Industri Manufaktur Mulai Bergairah di Kuartal IV

Yudistira Imandiar - detikFinance
Kamis, 05 Nov 2020 11:08 WIB
Manufaktur
Ilustrasi. Foto: Shutterstock
Jakarta -

Menteri Perindustrian Agus Gumiwang Kartasasmita mengatakan industri manufaktur Indonesia mulai menunjukkan perbaikan. Hal itu terlihat dari data Purchasing Managers' Index (PMI) manufaktur Indonesia bulan Oktober yang berada di level 47,8, naik dari indeks bulan September di level 47,2, yang dilansir dari HIS Markit.

"Alhamdulillah, ini berita yang baik. Walaupun terjadi kenaikan tipis, masih menunjukkan kepercayaan yang tinggi dari para pelaku industri. Semoga menjadi semangat bersama untuk mendorong pemulihan ekonomi nasional," kata Agus dalam keterangan tertulis, Kamis (5/11/2020).

Agus menilai peningkatan PMI manufaktur Indonesia pada awal kuartal IV tahun 2020 menjadi sinyal positif terhadap performa ekonomi yang kian bergairah.

"Sektor manufaktur memang cukup terpengaruh oleh penerapan pembatasan sosial berskala besar (PSBB) secara penuh di beberapa daerah," imbuh Agus.

Agus mengapresiasi sejumlah pemerintah daerah yang telah melakukan pelonggaran PSBB di wilayahnya. Selain mampu menunjang aktivitas sektor industri, upaya tersebut menandakan bahwa penyebaran virus Corona sudah dapat ditekan.
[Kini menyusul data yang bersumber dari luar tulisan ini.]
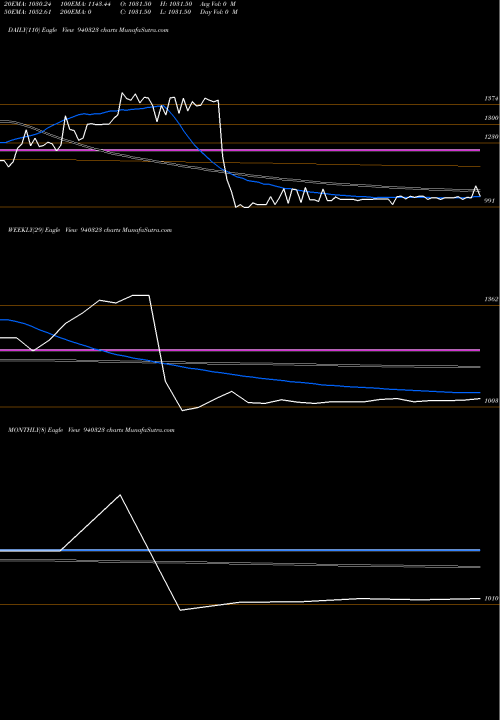 Trend of Smcgsl 24 940323 TrendLines SMCGSL-24-04-28-NCD 940323 share BSE Stock Exchange 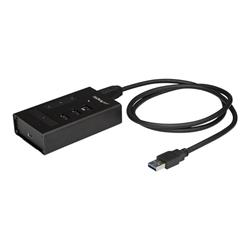 Deal Detail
"Kami bertekad menjaga roda perekonomian terus berputar dengan menjamin keberlangsungan operasi dan mobilitas kegiatan industri, namun dengan tetap mengedepankan protokol kesehatan yang ketat. Melalui IOMKI, Kemenperin optimistis, kebutuhan masyarakat dapat terpenuhi serta mencegah PHK dalam jumlah yang massif," ulas Agus.

Agus menambahkan, upaya menaikkan daya beli masyarakat juga penting untuk meningkatkan kepercayaan diri dari para pelaku industri dalam melakukan ekspansi.

"November dan Desember bisa dijadikan acuan apakah recovery benar-benar terjadi," ulasnya.

Kepala Ekonom IHS Markit Bernard Aw menjelaskan penanganan pandemi COVID-19 dan ketersediaan vaksin menjadi kunci peningkatan permintaan pada bulan-bulan berikutnya. Bernard menyampaikan, responden survei melaporkan terjadi kenaikan biaya dalam produksi, sementara perusahaan tidak memiliki ruang untuk menaikkan harga jual seiring dengan melemahnya daya beli. Kenaikan harga terjadi pada bahan mentah seperti logam dasar, bahan kimia, plastik, dan beberapa bahan pangan, yang mendorong kenaikan biaya produksi.

"Meski demikian, perusahaan mengurangi harga jual mereka, menandai penurunan pertama pada biaya barang jadi sejak Maret 2020," urai Bernard.

Sementara itu, Ketua Umum Asosiasi Pengusaha Indonesia (Apindo) Hariyadi Sukamdani mengemukakan kunci utama dalam upaya pemulihan ekonomi nasional adalah penanganan COVID-19.

"Memang tidak mudah, tetapi jika diterapkan lagi PSBB karena kasus kembali meningkat, akan lebih mengkhawatirkan," kata dia.